第12号 平成18年11月1日発行

特集L 総合内科兼糖尿病・内分泌代謝科の紹介  

総合内科兼糖尿病・内分泌代謝科部長 山田 浩司


 この4月新しく総合内科および糖尿病・内分泌代謝科ができました。糖尿病を中心に高脂血症、高血圧などの生活習慣病、またそれらに起因する病気を含めて内科一般を総合的に診ていく科です。
現在糖尿病を含めた生活習慣病は世界規模で増加しており、日本でも、糖尿病が強く疑われる人は740万人といわれています。失明したり透析導入する人の一番の原因も糖尿病なのです。
糖尿病とは
 糖尿病は健康な人に比べて高い血糖値が続き、血管や神経を傷める病気です。

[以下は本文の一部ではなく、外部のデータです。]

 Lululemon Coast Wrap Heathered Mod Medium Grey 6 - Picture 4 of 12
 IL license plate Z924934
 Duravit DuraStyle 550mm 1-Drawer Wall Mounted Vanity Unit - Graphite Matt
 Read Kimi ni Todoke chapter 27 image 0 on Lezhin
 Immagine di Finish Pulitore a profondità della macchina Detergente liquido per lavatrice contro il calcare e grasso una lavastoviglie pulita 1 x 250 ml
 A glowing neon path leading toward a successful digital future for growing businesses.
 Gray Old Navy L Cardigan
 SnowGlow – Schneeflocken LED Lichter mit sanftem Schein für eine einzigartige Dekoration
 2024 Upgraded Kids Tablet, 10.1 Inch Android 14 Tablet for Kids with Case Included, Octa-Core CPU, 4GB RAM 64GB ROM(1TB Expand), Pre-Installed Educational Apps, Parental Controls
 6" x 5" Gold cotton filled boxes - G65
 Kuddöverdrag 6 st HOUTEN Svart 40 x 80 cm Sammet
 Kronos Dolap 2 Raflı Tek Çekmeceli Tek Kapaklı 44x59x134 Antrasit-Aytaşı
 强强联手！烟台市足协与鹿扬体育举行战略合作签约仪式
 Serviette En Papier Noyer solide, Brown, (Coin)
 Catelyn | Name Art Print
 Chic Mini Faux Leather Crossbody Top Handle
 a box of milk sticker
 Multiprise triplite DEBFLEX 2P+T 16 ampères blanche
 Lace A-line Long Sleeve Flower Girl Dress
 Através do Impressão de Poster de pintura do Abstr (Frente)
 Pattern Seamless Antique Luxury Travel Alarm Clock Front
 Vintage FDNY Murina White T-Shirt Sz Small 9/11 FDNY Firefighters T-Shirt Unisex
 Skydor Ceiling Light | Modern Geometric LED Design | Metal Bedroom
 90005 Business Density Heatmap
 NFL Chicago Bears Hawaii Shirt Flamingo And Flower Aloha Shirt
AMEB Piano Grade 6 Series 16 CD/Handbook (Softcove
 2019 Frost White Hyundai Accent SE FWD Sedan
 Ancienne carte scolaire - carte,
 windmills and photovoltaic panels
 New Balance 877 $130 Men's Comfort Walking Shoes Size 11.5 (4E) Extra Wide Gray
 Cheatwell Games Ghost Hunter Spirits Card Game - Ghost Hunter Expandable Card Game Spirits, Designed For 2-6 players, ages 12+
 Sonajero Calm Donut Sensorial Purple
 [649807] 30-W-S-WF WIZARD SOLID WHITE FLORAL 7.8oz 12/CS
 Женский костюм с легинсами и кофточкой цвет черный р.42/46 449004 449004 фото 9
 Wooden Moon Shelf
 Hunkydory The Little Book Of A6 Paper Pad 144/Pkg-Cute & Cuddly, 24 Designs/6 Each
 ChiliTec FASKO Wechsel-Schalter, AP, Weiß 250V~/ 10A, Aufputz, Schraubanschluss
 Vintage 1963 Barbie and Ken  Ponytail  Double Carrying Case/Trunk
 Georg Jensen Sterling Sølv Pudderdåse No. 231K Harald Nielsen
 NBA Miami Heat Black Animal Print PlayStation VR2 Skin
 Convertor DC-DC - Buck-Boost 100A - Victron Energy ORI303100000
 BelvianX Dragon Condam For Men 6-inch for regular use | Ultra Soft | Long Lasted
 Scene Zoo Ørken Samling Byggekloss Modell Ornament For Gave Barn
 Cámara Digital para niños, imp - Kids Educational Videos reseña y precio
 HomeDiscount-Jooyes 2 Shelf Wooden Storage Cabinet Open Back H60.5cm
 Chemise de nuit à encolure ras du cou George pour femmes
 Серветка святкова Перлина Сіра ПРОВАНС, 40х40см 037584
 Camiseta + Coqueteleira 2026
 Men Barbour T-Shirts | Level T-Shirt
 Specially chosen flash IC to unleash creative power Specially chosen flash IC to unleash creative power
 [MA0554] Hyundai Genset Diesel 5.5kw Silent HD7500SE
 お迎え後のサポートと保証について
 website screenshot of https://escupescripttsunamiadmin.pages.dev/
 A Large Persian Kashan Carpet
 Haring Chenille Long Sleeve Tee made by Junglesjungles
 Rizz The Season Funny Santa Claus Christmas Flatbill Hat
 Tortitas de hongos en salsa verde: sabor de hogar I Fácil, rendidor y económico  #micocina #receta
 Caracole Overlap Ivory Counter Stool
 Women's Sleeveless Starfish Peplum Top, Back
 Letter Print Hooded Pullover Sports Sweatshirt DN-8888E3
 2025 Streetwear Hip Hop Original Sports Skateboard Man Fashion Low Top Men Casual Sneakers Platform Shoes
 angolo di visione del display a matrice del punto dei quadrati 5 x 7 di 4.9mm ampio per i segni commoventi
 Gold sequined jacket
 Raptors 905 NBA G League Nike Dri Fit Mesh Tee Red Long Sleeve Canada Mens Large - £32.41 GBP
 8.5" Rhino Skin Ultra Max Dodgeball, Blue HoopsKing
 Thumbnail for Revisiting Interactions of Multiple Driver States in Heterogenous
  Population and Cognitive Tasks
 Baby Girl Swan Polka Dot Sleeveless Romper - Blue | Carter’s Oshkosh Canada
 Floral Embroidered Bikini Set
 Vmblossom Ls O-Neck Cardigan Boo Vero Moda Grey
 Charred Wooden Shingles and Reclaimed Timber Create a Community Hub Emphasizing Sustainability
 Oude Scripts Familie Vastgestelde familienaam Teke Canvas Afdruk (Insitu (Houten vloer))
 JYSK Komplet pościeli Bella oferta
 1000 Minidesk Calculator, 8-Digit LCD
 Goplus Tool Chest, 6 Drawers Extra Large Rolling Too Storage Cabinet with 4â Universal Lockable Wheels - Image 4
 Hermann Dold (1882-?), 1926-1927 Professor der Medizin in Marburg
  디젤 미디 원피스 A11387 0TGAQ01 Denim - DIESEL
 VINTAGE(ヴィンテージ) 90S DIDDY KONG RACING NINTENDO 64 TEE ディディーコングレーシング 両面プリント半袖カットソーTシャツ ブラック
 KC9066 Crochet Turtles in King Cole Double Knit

血糖値が高くなってしまう原因は、糖の代謝を制御するインスリンというホルモンがうまく働かないためです。
 かなりの高血糖になれば多尿、口渇、体重減少といった症状がでてきますが、多少高い程度ではとくに症状は出てきません。しかし症状がなくても、少しずつ血管や神経が傷み、網膜症、腎症、神経障害、また心筋梗塞、脳梗塞を起こしてきます。血管や神経を傷めないためには、症状がなくても血糖値の上がる原因を取り除き、薬を使ってでも健康な人と変わらない血糖値にすることが重要です。
 当院では糖尿病専門医をはじめ、糖尿病療養指導士の資格を持った看護師や栄養士ほか薬剤師など専門の立場から患者さんの治療や療養指導、相談に当たっています。
 糖尿病の状態の悪い方は、入院にて治療を行います。当院では二週間の入院プログラムがあります。この二週間で合併症の状態を調べながら今後の治療方針を立て、患者さんには糖尿病についての勉強を通して自分で自分の血糖値をコントロールする術を身につけていただくものです。
 また現在毎週水曜日に糖尿病教室を行っています。毎回、看護師や栄養士等が糖尿病という病気について話をします。プログラムの内容は院内の掲示板等をごらんください。興味のある方はどなたでもご参加ください。
 今後は患者さん同士が気軽に情報交換可能な患者の会ができればと考えています。また治療がずっと続けられるように、患者さんの病状や利便性を考えてかかりつけ医と共同で診ていくシステムを作りたいと考えています。


糖尿病教室のお知らせ

★日時:毎週水曜日 午後2時30分〜3時30分
★場所:人間ドック待合室(中央病棟2階)
★参加費無料(どなたでも参加いただけます)
★内容・日時などの予定表は、内科外来待合・人間ドック・総合案内・栄養相談室にご用意して



内分泌疾患とは
 当科のもうひとつの柱は、ホルモン異常に伴う病気の診療です。バセドウ病、慢性甲状腺炎など甲状腺の病気はよくみる病気の一つです。この病気では動悸がしたり暑がりになったり、逆に寒がりになったり動くのがおっくうになったりします。また肥満ややせ、高血圧、倦怠感等はいろいろなホルモンの異常によっても起こりえます。このような症状のある方は一度ご相談ください。
糖尿病を含め生活習慣病は長い目で見て行かなくてはいけません。スタッフ一同皆様の療養のお手伝いをしたいと思っています。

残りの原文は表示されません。